I'm familiar with the text you mentioned, it's certainly good and would be
better than this article for most, but comparing a textbook to a short web
article isn't exactly fair.

------
baryphonic
The goal is worthy, but the product is inadequate to say the least. This thing
is littered with typos, and enough of the exposition is sufficiently
irrelevant or incorrect to be unintuitive. That said, I like the graphics and
layout.

For example, when he discusses power sets in order to introduce sigma
algebras, he implies that a sigma algebra is a better-behaved alternative to a
power set. However, a power set is always itself a sigma algebra (after all,
even a power set of an uncountable set still is closed under complements and
countable unions).

Later, when discussing probability distributions, he writes:

> [W]e want this allocation [of a conserved quantity] to be self-consistent –
> the allocation to any collection of disjoint sets, A_n ∩ A_m=0, n≠m, should
> be the same as the allocation to the union of those sets, > ℙπ[∪(n=1 to N)
> A_n]=∑(n=1 to N)ℙπ[A_n].

The condition `A_n ∩ A_m=0, n≠m` is actually incorrect, since A_n and A_m are
sets and 0 is an integer. The author means the empty set, but typo'd.
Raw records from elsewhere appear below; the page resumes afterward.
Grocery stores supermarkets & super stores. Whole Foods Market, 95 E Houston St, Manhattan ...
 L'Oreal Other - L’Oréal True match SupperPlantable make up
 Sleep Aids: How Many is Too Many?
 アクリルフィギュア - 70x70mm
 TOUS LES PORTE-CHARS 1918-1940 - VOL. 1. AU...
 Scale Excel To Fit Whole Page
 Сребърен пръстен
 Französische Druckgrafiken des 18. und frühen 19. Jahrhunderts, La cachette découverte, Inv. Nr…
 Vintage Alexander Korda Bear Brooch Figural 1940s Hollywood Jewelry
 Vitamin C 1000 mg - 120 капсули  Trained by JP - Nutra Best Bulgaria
Sometimes he frequently uses words like "conserved" or "well-defined" without
giving us a clue as to what these mean. In what context are probabilities
"conserved"? What distinguishes "well-defined" from "not well-defined"?

I'm a software engineer. A non-trivial amount of my time is devoted to reading
code and finding bugs. Sloppy reasoning, inconsistencies and outright errors
like that are big red flags to me. It doesn't help that the whole section on
sigma algebras is somewhat irrelevant, since he doesn't really explore measure
theory as the basis for modern probability.

IMO a better resource is the series of "Probability Primer" videos from
mathematicalmonk on YouTube[1]. He does an excellent job (IMO) of covering all
pertinent pre-requisites and being mostly rigorous without necessarily proving
every single fact or exhaustively covering all edge and corner cases. He also
makes a good effort to recommend advanced (and rigorous) treatments of the
subject (and ancillary ones like measure theory). A readable version of this
YouTube series would be a great resource, and if Michael Betancourt is
reading, I'd encourage him to pursue that in his next iteration of this
product.

[https://www.youtube.com/playlist?list=PL17567A1A3F5DB5E4](https://www.youtube.com/playlist?list=PL17567A1A3F5DB5E4)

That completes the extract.